Microsoft has invested in pen based computing since the early 1990s and with the release of Windows Vista handwriting recognizers are available for 12 languages, including USA, UK, German, French, Spanish, Italian, Dutch, Brazilian Portuguese, and Chinese (Simplified and Traditional), Japanese and Korean. Customers frequently ask us when we plan to ship more languages and why a specific language is not yet supported. We are planning to ship new and improved languages for Windows 7, including Norwegian, Swedish, Finnish, Danish, Russian, and Polish, and the list continues to grow. Let’s explore what it takes to develop new handwriting recognizers.
Windows has true cursive handwriting recognition, you don’t need to learn to write in a special way – in-fact, we’ve taught (or “trained” as we say) Windows the handwriting styles of thousands of people and Windows learns more about your style as you use it. Over the last 16 years we’ve developed powerful engines for recognizing handwriting, we continue to tune these to make them more accurate, faster and to add new capabilities, such as the ability to learn from you in Vista. Supporting a new language is much more than adding new dictionaries – each new language is a major investment. It starts with collecting native handwriting, next we analyze the data and go through iterations of training and tuning, and finally the system gets to you and continues to improve as you use it.
The development of a new handwriting recognizer starts with a huge data collection effort. We collect millions of words and characters of written text from tens of thousands of writers from all around the world.
Before I describe our collection efforts, I would like to answer a question we are frequently asked: “Why can’t you just use an existing recognizer with a new dictionary?” One reason is that some languages have special characters or accents. But the overriding reason is because people in different regions of the world learn to write in different ways, even between countries with the same language like the UK and US. Characters that may look visually very similar to you can actually be quite different to the computer. This is why we need to collect real world data that captures exactly how characters, punctuation marks and other shapes are written.
Setting up a data collection effort is challenging and time consuming because we want to ensure that we collect the “right kind of data”. We carefully choose our collection labs in the respective countries for which we develop recognizers.
Before we start our data collection in the labs, we configure our collection tools, prepare documentation, and compile language scripts that will guide our volunteers through the collection process. Our scripts are carefully prepared by native speakers in the respective language to ensure that we collect only orthographically correct data, data from different writing styles, and data that covers all characters, numbers, symbols and signs that are relevant to a specific language. All of our scripts are proofread and edited before they are blessed to be used at the collection labs.
Once our tools and scripts are ready, we open our labs and start to recruit volunteers to donate their handwriting samples. Our recruitment efforts ensure that we have balanced demographics such as gender, age, left handiness, and educational background that represent the majority of the population for that country.

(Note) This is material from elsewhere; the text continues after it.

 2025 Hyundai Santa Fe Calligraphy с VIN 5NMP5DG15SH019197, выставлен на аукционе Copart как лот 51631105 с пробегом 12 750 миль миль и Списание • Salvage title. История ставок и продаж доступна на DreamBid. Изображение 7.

A supervisor at the lab instructs the volunteers to copy the text as it is displayed in the collection tool in their own writing style. What is important to note is that we want to collect writing samples that accurately represent the person’s natural way of writing. We therefore encourage volunteers to treat “pen and tablet” like “pen and paper”. If one of the volunteers tends to writes in big, curvy strokes, then we want to collect his/her big, curvy strokes during the collection session. High quality data in this context refers to data that was naturally written.
Here is a snapshot of what our collection tool looks like:
Figure 1: Collection Tool
A collection session lasts between 60-90 minutes at which point our volunteer has donated a significant amount of handwritten data without feeling fatigued. The donated data is then uploaded and stored in our database at Microsoft ready for future use. The written samples contain important information like stroke orders, start- and end points, spacing, and other characteristics that are essential to train our new recognizer.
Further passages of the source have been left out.